Agentic Engineering, Part 2: Adversarial Code Review That Loops Until Clean

I came back to my desk after lunch, opened Claude Code, and asked a review agent to glance at the alternate-phone-numbers feature I’d shipped that morning. Seventeen unit tests. All green. Linter quiet. I was confident.

The agent found three bugs in under two minutes.

A json.loads call that could return a non-list. A primary phone that wasn’t normalized before comparison. Changing the primary phone left a stale const in the JavaScript — the variable said “constant” but the value changed after a fetch, and the runtime just swallowed it.
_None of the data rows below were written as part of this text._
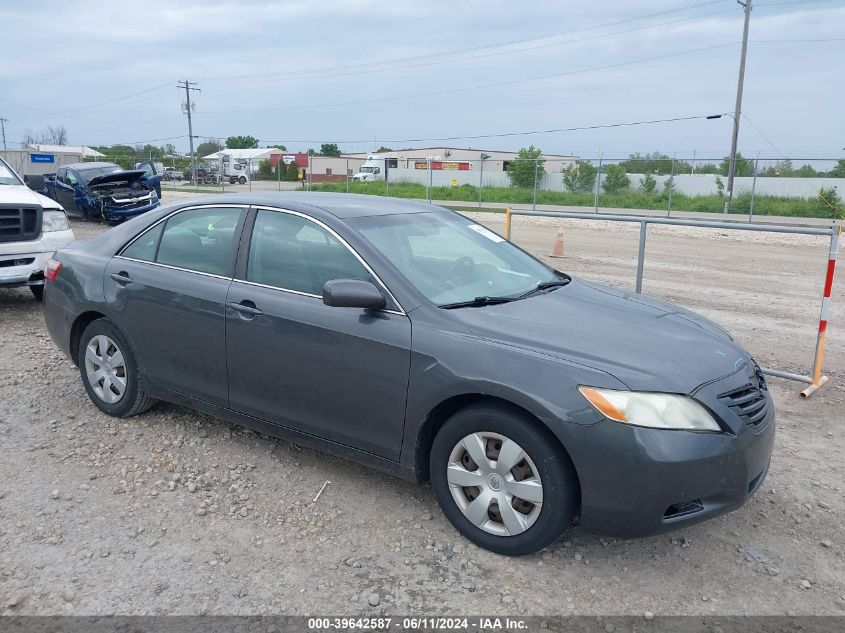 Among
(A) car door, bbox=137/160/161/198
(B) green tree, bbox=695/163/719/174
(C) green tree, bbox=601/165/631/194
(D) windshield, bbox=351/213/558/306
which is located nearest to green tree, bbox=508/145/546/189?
(C) green tree, bbox=601/165/631/194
None of these were bugs in the feature. They were bugs between the feature and everything else. The unit tests couldn’t see them because unit tests don’t know adjacent features exist. They test the code you wrote. They don’t test the code you forgot to write.

That afternoon I built BugBot.

I needed something that attacks code the way a hostile codebase attacks a new feature

Not a linter — linters find syntactic problems, missing semicolons, import ordering. Not a static analysis tool either. I needed an adversarial loop: pick an attack angle, swing at the code, log what you found, pick a different angle, swing again. Don’t stop until you’ve exhausted every angle you can think of.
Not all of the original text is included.